Time for an Article on The Spark SQL Time Function ‘from_utc_timestamp’

TLDR

If your Spark application needs to perform date functions such as ‘weekday’ on timestamped records, then the timestamps of the records you ingest will be ideally formatted per the ISO 8601 standard (with time zone specified). Assuming you have some influence over the format of your data source, then adhering to this guideline will ensure that the string representation of the timestamps you parse will be mapped into a consistent internal representation, no matter which default time zone your JVM is set to when you do the parsing. Next, you need to decide whether you want the human-readable, String-formatted result of your date function to be dependent on your JVM’s default timezone, or have this setting parameterized (the latter being better for testability).

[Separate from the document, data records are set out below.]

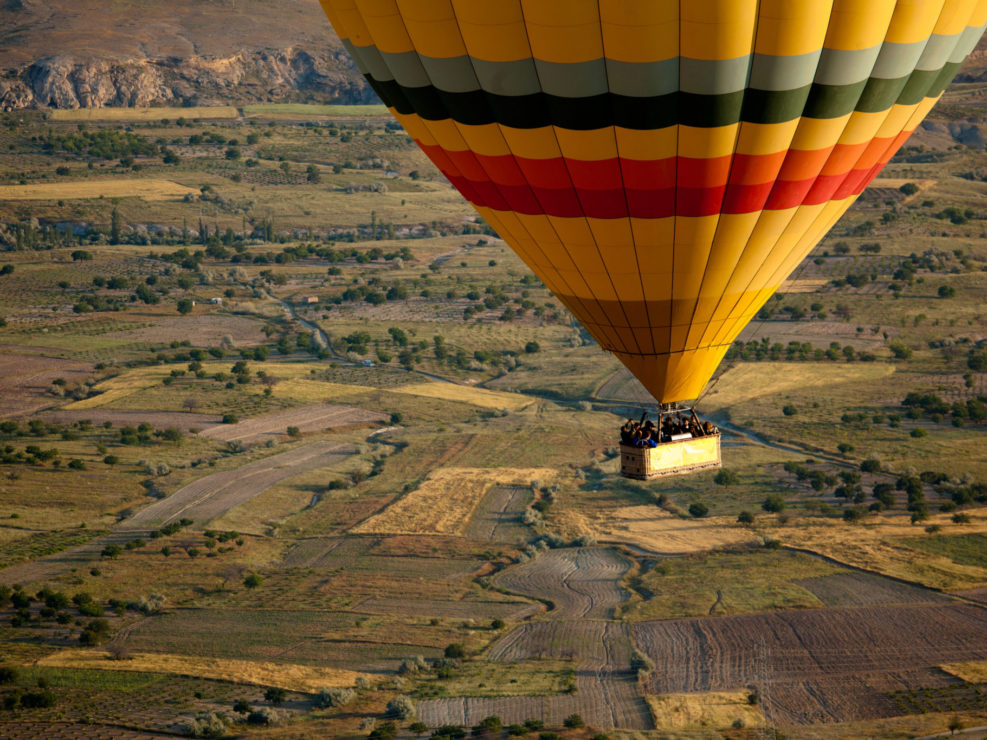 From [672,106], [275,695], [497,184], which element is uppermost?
[672,106]

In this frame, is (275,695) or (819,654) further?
(819,654)

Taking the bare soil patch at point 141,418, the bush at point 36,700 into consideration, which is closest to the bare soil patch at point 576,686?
the bush at point 36,700

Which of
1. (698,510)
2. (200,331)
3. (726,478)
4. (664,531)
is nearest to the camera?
(664,531)

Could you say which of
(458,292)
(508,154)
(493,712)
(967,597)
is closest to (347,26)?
(508,154)

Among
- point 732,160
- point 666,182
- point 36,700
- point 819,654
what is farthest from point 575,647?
point 732,160

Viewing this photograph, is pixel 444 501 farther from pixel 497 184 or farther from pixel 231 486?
pixel 497 184

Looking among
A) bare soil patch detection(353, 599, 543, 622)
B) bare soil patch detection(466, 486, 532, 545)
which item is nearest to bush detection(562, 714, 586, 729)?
bare soil patch detection(353, 599, 543, 622)

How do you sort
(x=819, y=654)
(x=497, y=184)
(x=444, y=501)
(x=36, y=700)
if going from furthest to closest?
(x=444, y=501) < (x=819, y=654) < (x=36, y=700) < (x=497, y=184)

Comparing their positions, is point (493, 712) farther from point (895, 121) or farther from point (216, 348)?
point (216, 348) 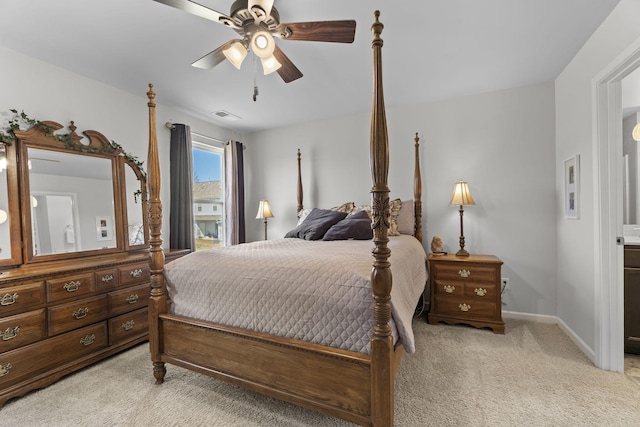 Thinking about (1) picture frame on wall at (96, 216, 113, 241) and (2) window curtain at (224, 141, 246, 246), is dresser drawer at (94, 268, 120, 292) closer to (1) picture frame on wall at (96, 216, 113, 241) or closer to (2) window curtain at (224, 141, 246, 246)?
(1) picture frame on wall at (96, 216, 113, 241)

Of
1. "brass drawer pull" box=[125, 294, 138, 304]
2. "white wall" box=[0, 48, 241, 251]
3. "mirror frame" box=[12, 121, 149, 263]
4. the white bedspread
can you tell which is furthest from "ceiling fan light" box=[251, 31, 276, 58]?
"brass drawer pull" box=[125, 294, 138, 304]

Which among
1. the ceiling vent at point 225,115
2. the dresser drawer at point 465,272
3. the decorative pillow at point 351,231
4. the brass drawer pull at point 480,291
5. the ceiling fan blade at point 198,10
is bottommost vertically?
the brass drawer pull at point 480,291

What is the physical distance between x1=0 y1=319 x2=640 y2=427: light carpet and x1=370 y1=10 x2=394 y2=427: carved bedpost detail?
49 centimetres

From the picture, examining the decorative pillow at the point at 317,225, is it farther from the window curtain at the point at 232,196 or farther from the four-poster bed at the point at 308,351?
the four-poster bed at the point at 308,351

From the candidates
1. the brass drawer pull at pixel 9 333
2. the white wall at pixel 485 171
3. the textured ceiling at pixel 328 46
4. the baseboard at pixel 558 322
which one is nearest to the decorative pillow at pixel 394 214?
the white wall at pixel 485 171

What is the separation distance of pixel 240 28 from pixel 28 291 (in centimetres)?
223

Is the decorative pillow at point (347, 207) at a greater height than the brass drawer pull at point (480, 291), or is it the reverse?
the decorative pillow at point (347, 207)

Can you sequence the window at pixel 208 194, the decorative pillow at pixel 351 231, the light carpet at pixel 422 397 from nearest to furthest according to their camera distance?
the light carpet at pixel 422 397 → the decorative pillow at pixel 351 231 → the window at pixel 208 194

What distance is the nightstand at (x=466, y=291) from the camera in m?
2.74

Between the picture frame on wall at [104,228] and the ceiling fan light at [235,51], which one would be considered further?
the picture frame on wall at [104,228]

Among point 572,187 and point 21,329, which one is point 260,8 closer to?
point 21,329

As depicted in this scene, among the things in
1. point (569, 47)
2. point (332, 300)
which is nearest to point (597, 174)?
point (569, 47)

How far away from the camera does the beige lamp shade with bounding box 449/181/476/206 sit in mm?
2982

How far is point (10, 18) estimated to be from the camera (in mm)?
1862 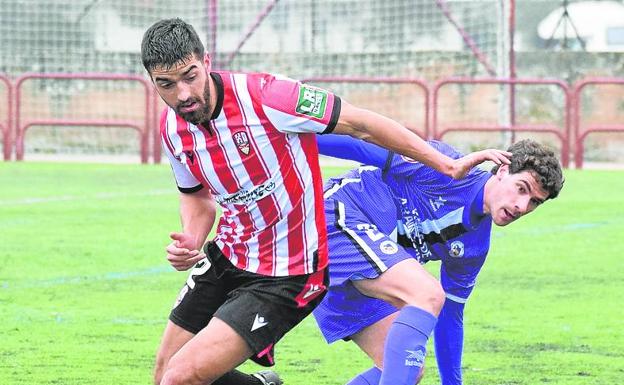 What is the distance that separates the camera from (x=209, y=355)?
513 centimetres

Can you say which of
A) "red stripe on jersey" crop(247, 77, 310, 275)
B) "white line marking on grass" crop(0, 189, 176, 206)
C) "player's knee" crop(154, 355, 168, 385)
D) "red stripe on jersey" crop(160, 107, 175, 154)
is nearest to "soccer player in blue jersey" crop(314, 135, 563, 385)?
"red stripe on jersey" crop(247, 77, 310, 275)

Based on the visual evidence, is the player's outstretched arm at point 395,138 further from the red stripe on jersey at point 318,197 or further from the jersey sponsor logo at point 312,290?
the jersey sponsor logo at point 312,290

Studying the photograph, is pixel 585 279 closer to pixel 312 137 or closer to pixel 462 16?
pixel 312 137

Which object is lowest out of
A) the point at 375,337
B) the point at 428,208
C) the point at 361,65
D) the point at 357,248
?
the point at 361,65

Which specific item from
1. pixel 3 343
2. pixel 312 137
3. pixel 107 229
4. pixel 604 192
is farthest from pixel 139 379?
→ pixel 604 192

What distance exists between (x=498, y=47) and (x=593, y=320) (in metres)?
12.9

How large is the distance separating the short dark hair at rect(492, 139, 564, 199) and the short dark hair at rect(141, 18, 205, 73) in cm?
146

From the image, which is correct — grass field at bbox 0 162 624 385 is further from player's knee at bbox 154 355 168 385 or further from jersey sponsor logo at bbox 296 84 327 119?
jersey sponsor logo at bbox 296 84 327 119

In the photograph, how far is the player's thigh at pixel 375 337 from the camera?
5.98m

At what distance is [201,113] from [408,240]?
136cm

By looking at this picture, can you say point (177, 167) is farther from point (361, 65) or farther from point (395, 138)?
point (361, 65)

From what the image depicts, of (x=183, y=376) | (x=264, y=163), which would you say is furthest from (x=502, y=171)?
(x=183, y=376)

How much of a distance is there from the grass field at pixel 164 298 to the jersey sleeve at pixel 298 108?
209cm

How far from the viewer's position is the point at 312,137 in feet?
17.7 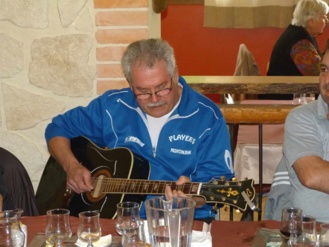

Avoiding Dependencies On JVM Time Zone Setting When Parsing

When working with time I like to express my inputs, and store my intermediate results in UTC time. This means inputs ideally arrive in the form of ISO 8601 formatted strings, and intermediate results are stored either as (i) a Long numeric value which is interpreted as a number-of-seconds offset from the instant at which the clock struck midnight in Greenwhich, England on the first day of the Unix Epoch: January, 1970 — or alternatively (ii), as a Java 8 Instant which also wraps a Long which represents the seconds offset from the epoch.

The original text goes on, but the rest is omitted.